Le secteur des services est celui qui a pu survivre dans les
conditions actuelles. Il n’y a pas d’autres secteurs leaders,
car l’économie est endommagée. Avoir des secteurs développés
nécessite un environnement d’investissement convenable. Ce qui
n’existe pas en ce moment à cause des différentes mesures
qu’entreprend Israël et le manque de confiance dans l’avenir
du processus de paix. Mais peut-être aussi l’Autorité
palestinienne doit fournir plus d’efforts dans le domaine législatif.
Celui-ci doit être plus convenable et plus encourageant pour les
investisseurs.
En fait, les investisseurs palestiniens investissent dans de
difficiles conditions et sont exposés à de grands risques. Pour
attirer des investissements étrangers, il faut un minimum.
C’est-à-dire un flux rapide et libre de marchandises, de
services et d’argent. Un minimum de stabilité politique pour
assurer la sécurité des inv. L’économie palestinienne possède
des potentiels dans différents domaines, comme le tourisme et
l’agriculture.
Des experts palestiniens ont critiqué la façon
dont l’Autorité gère les aides qui lui sont accordées. Ils réclament
leur utilisation dans les investissements durables ...
Les aides que nous recevons ne sont pas suffisantes. De plus, l’Autorité
n’arrive pas à fournir le minimum des besoins du peuple pour
survivre. Une partie de cet argent est utilisée pour mener à
bien des projets. Mais les besoins du peuple palestinien dans les
domaines de l’infrastructure sont énormes.

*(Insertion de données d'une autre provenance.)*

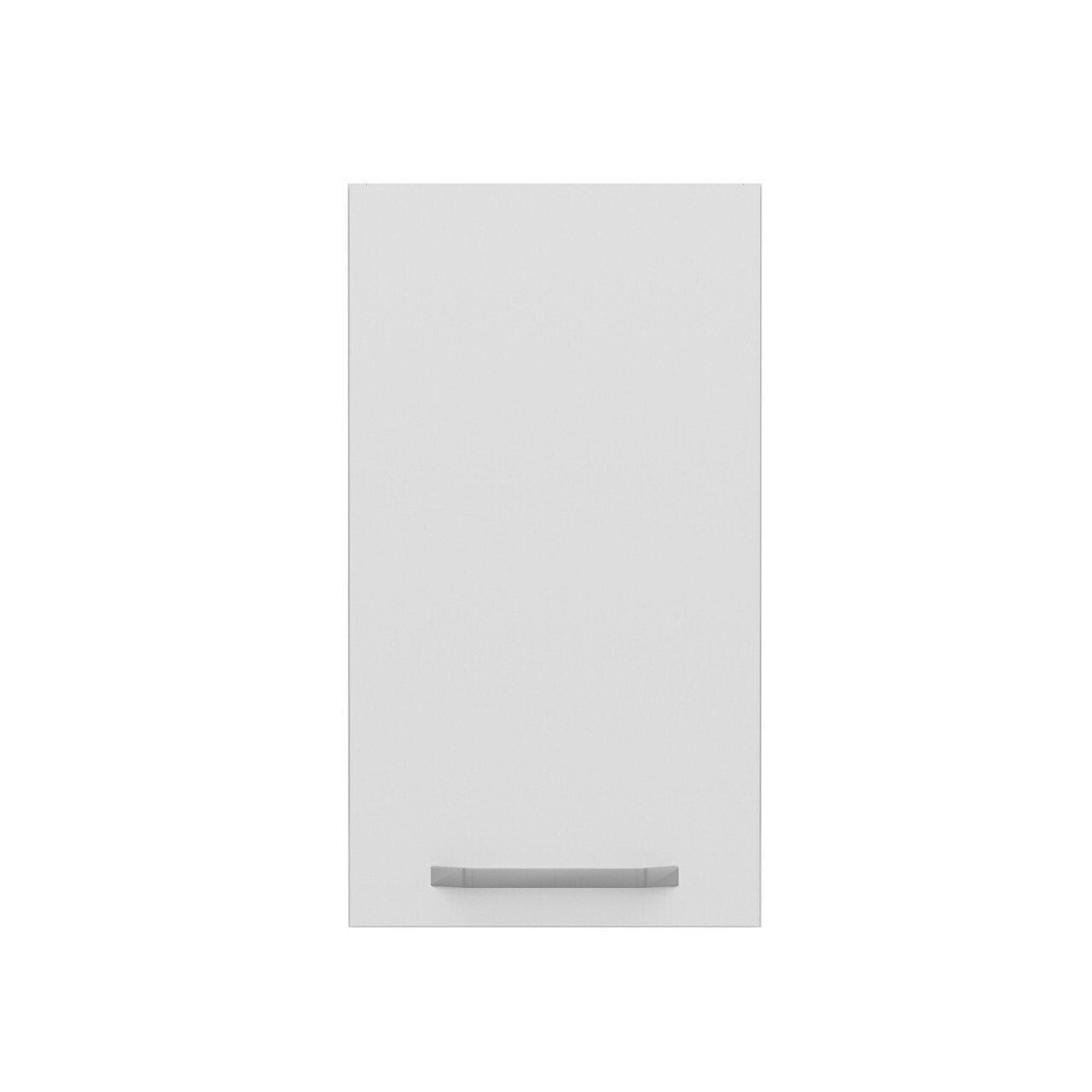 Dulap pentru bucatarie, Hanah Home, Minar, 40x72x37 cm, Alb — imaginea 5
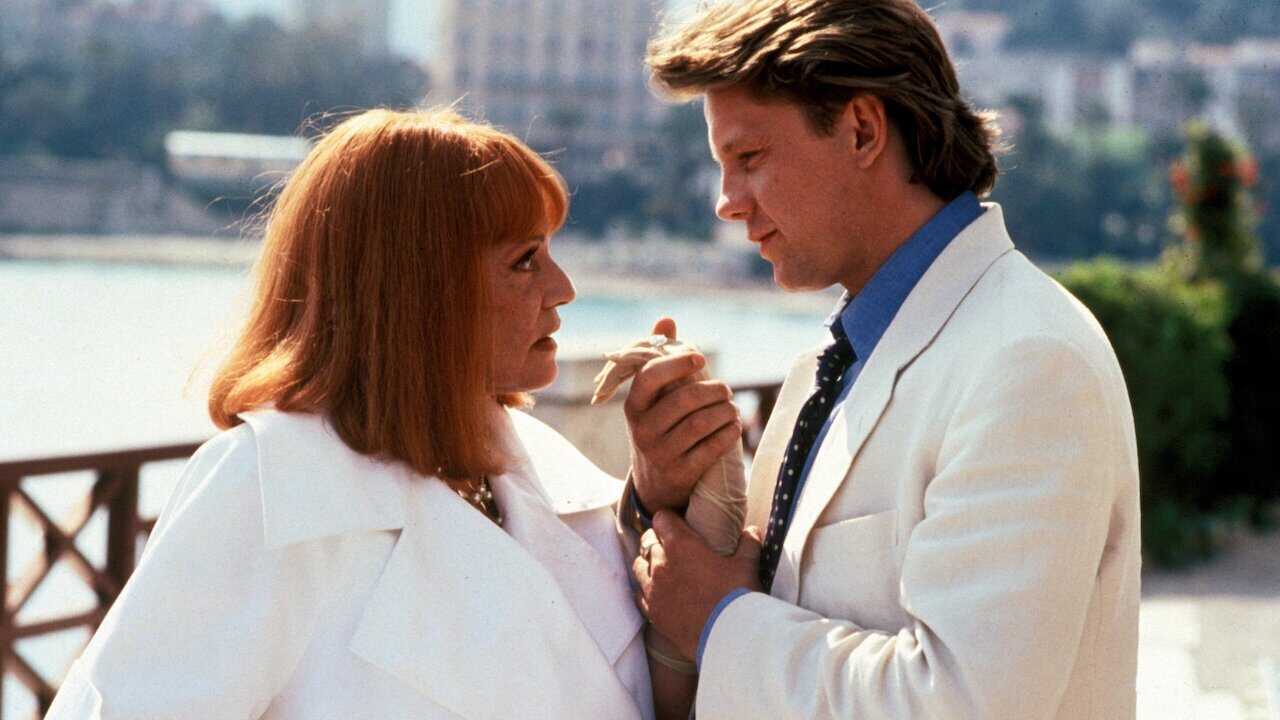 Die Dame, die im Meer spazierte (1991) 0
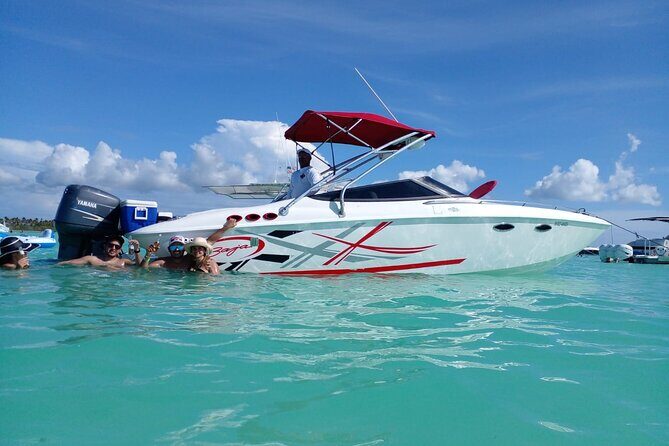 BRYMAR VIP Tour, Bayahibe and Saône Island. Come and sail in style! - A Deep Dive into the BRYMAR VIP Tour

Dans le secteur de
l’éducation, on a un manque d’au moins 800 écoles. Dans
plusieurs gouvernorats, l’infrastructure de base dans le domaine
des services sanitaires n’existe pas. On a besoin de fournir des
services à certaines catégories comme les personnes âgées, les
handicapés, les enfants et les femmes qui sont en difficulté,
etc. On ne peut parler de projets économiques pour faire avancer
la roue de l’économie si les investissements de l’Autorité
dans ces domaines ne sont pas suffisants. La priorité restera
donc la réalisation de projets d’infrastructure pour fournir un
minimum de services au peuple palestinien.
On accuse souvent l’Autorité de manque de
transparence, de corruption. La Banque mondiale et d’autres
donateurs réclament d’ailleurs certaines réformes politiques
...
Les réformes ne sont pas seulement une demande internationale,
mais aussi palestinienne. Le consensus dans la rue palestinienne
est que l’Autorité doit fournir plus de transparence et être
soumise aux questionnements du peuple. Il s’agit donc d’une
demande palestinienne avant tout. Et nous essayons
d’entreprendre des réformes. Mais on n’arrive pas à mettre
en application certaines réformes à cause d’Israël. Des
rapports internationaux décrivent l’Autorité comme un régime
très corrompu. Ce qui est faux. Certains des principes qui régissent
le travail de l’Autorité sont plus développés que dans
d’autres pays arabes. Cependant, nous sommes ouverts à toutes
les idées qui nous sont proposées dans le domaine des réformes.